Out of the disemboweled corpse of a failed Chili’s emerged the shiny new Murphy’s Tap House in Louisville earlier this month. And though there are definite similarities in the skeletal structure of the two restaurants, Murphy’s Tap House has done enough in its remodel to differentiate itself from the fast casual chain both in the quality and diversity of the menu, as well as the slightly more authentic vibe within the walls of the building.
The Tap House is the third Murphy’s foray into Boulder County. It’s a restaurant I’m quite familiar with as their South Boulder outpost is directly across the street from the Boulder Weekly office. Because of that deep familiarity, I regarded the menu at the Tap House, which is similar (if not identical) to the other Murphy’s locations, as I would an old, warm sweater — it’s comfortable, mine and I could pretend to read Hemingway in it with ESPN on in the background.
Rolling with it, I ordered a pumpkin ale that was on tap — the Tap House, befitting its name, has more than two dozen rotating beers, mostly local, but also a lot of craft beers from elsewhere in the U.S. The pumpkin ale was the first of the season. Perhaps it was a little early for some people; I know folks get fussy about when you can start enjoying seasonal beverage flavors like pumpkin and peppermint. But, for me, seasonal drinks, like the seasons from which they were born, are not about calendar dates, but are about mindsets. And in Murphy’s Tap House, that warm sweater of a restaurant, pumpkin ale worked.

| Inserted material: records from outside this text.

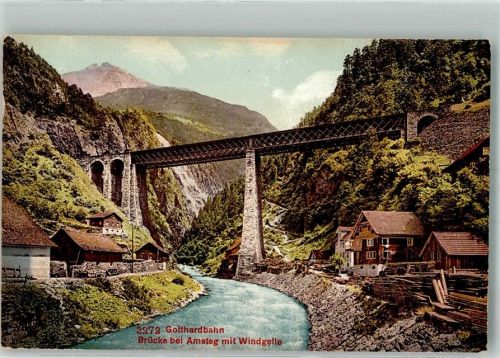 6474 Amsteg Foto AK Brücke Grotthardbahn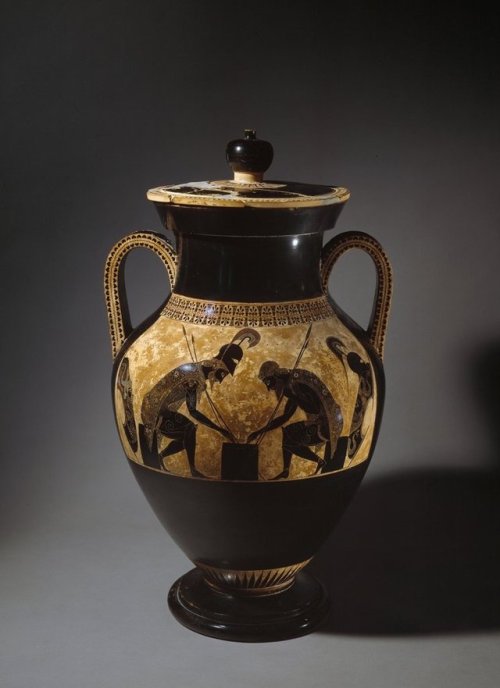 hadrian6:Etruscan vase depicting Achilles and Ajax playing dice.   6th.century BC. Attic Black Figur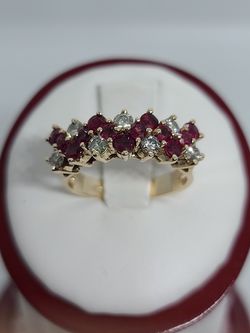 14k gold diamond and sapphire ring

Although the menu is mostly the same as its Boulder locations, there are some new items that I was eager to try: the salmon BLTA, Carolina barbecue wings and the Asian crab cakes.
The salmon sandwich was built on a crusty, long white roll. The salmon was cooked medium well, so it was light pink and had all that fishiness and moistness removed. If that’s not your thing, you can get the salmon cooked to order. The sandwich is piled with bacon, lettuce, tomato and avocado (as the acronym requires), and it makes for a light but substantial meal. It came alongside one of Murphy’s everchanging soups, this time a southwest black bean.

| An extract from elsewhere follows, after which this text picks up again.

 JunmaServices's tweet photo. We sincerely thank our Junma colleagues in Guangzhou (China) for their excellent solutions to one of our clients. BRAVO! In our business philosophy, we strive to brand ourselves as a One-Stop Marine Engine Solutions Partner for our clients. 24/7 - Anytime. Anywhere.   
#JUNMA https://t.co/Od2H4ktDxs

The Asian crab cakes were pretty darn good. It was a lot less sloppy than a typical crab cake, but still had just enough moisture to make eating it enjoyable. What made it Asian were the cilantro, red jalapeno, ginger and mango chutney. I don’t know if it would’ve received dual citizenship with those additions, but they did pair well with the crabmeat.

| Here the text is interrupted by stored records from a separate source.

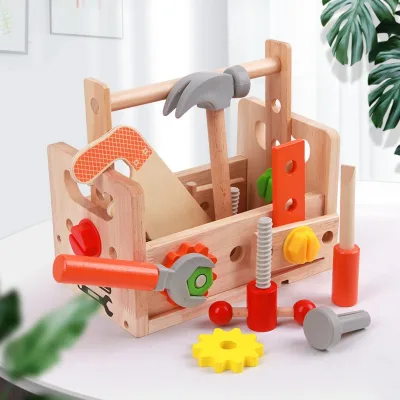 High Quality Children Wooden Screw Nut Toolbox Educational toy New Montessori Carpenter Tool Set Toy DIY pretend role play toy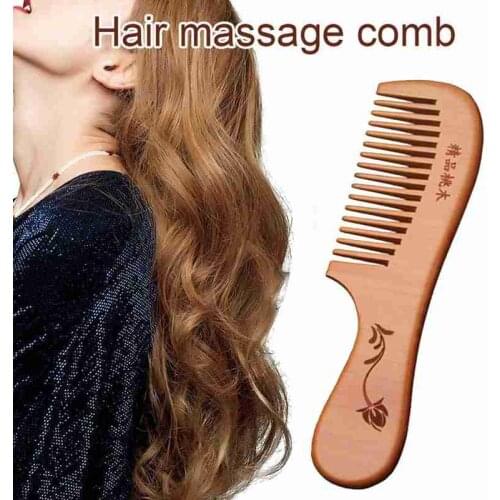 New Wooden Wide Tooth Hair Comb Natural Peach Wood Comb Healthy Massage Anti-Static Comb Hair Care Tool Beauty Accessories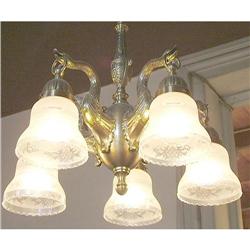 Empire 5L  chandelier swans etched shades #880108
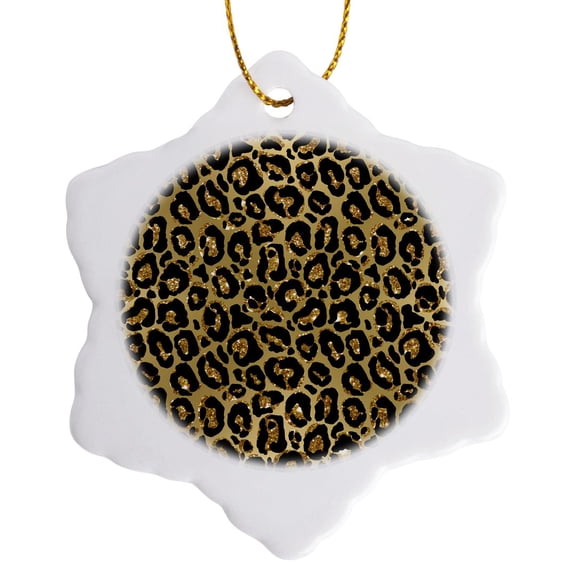 3drose, Glam Image of Gold and Black Leopard Spots Pattern, 3 inch Snowflake Porcelain Ornament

The hot wings were a perfect match for the Tap House atmosphere. That is, they were good and so now there’s a go-to food item here if you stop in for happy hour or want to watch a game sometime. They weren’t coated in breading or any thick sauce, so you got the full experience of crispy chicken skin with moist chicken meat and a thin, powerful sauce. The sauce was mild to medium in heat, and had a wonderful vinegar tang.
There was also an old staple of Murphy’s on the table: the bison and pork meatloaf. It was a little tougher than what you might expect of meatloaf, and the charred grill marks on top make you wonder if its meatloaf at all. After a few bites with the rich brown gravy and whipped potatoes, however, alchemy occurs in your mouth and makes for a good bite.